The annual Hearst Castle Dinner was help the 12th of July. The dinner is part of the Central Coast Wine Classic and is in its 28th year. The evening begins with 225 guests enjoying a private tour of the Hearst Castle and is followed by a reception around the Neptune Pool. Dinner follows on the north terrace with views of the main building and the expansive oak forests of the Hearst cattle ranch that surrounds the Castle.
This years crop of chefs featured a cadre of California based chefs that have contributed to the success of the Central Coast Wine Event over the nearly thirty years it has been held. Dinner at Hearst Castle in San Simeon, featuring the culinary artistry of Central Coast Chefs, Laurent Grangien of Bistro Laurent in Paso Robles, Kurt Grasing from Grasing's in Carmel, Michael Hutchings from Michael's Catering in Santa Barbara, Ian McPhee of McPhee's Grill in Templeton, Frank Ostini from The Hitching Post in Buellton and James Sly from Sly's in Carpinteria, coordinated by Chef James Sly's Team, six courses with matching Wines from Vintner Dignitaries
In a departure from the norm, I contributed only one hors d'oeuvre, Gruyére Cheese Soufflé served on a cocktail spoon and followed with a first course offering of Cultured Abalone. The cheese soufflé is a riff on Chef Albert Roux's signature dish. Usually, it is two cushions of airy soufflé some three inches in diameter set on a pool of reduced cream. My hat trick is to miniaturize the whole thin and make a bite-sized offering on a cocktail spoon.

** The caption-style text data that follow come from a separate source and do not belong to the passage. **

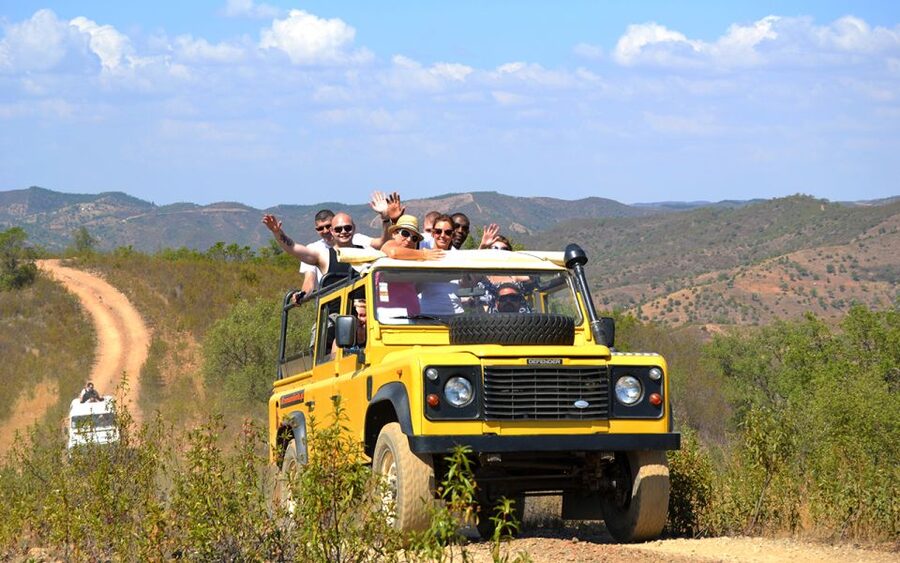 Didim: Off-road Jeep Safari Tour w/Lunch & Hotel Pickup - Pickup Timing That Keeps the Day Stress-Free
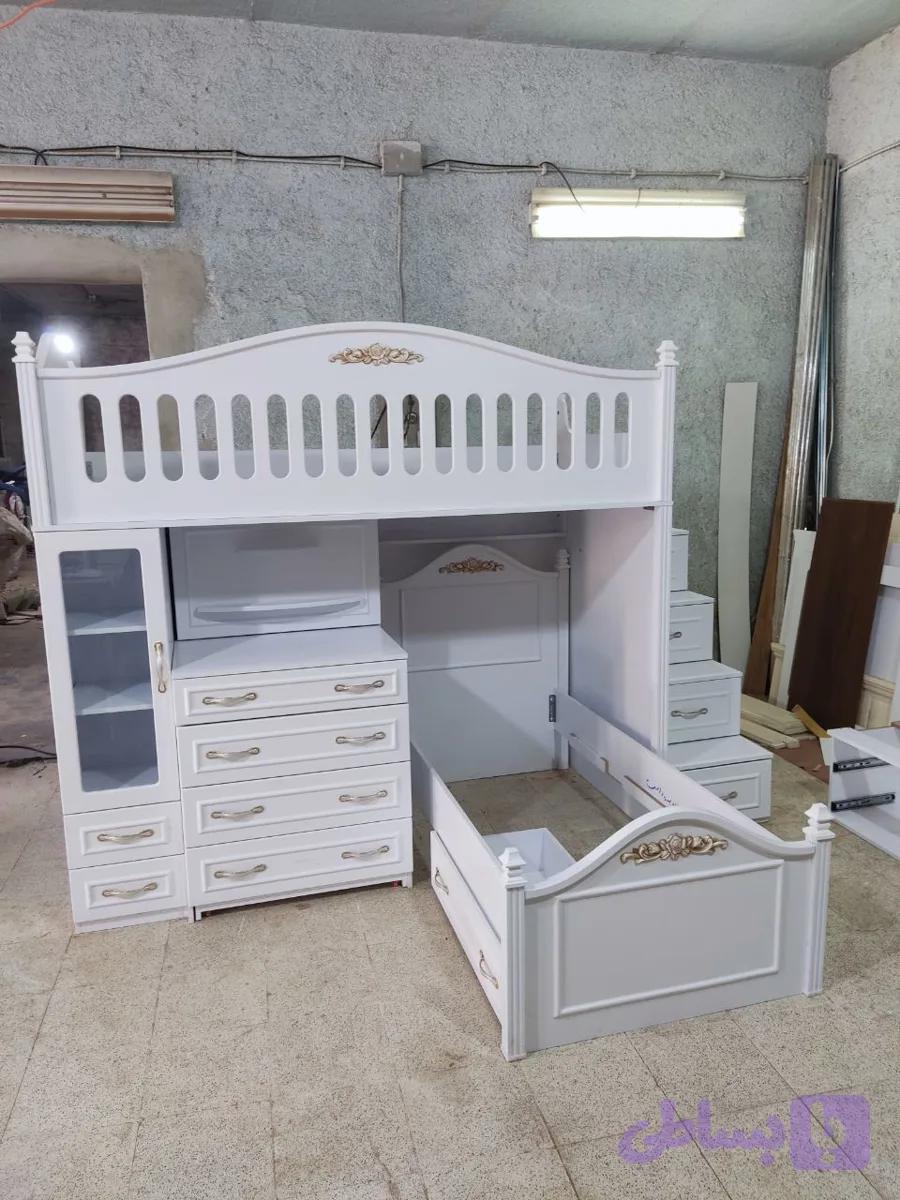 دوطبقه مجموعه لیدی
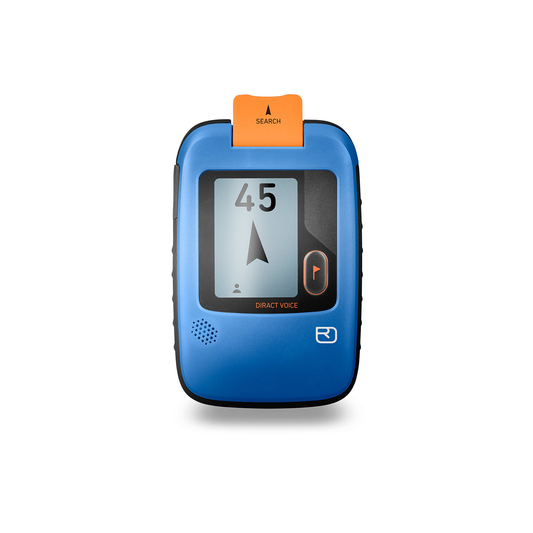 Ortovox Avalanche Rescue Set - Diract Voice Beast Aluminum 240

Farmed abalone had been part of my culinary bag of tricks since 1981 when I stgarted using 1-1/2 inch "cocktail abalone" that John McMullen of Ab Lab was growing to reseed the depleated abalone beds in the Santa Barbara Channel. My source now is The Cultured Abalone farm in Goleta, CA. They grow the red abalone in several sizes, from 1-1/2 inch to 6-8 inches. The rule of thumb is a growth rate of one inch per year. We used the 3-1/2 inch size for the dinner. The presentation featured caviar limes and the seaweed used as ablone feed.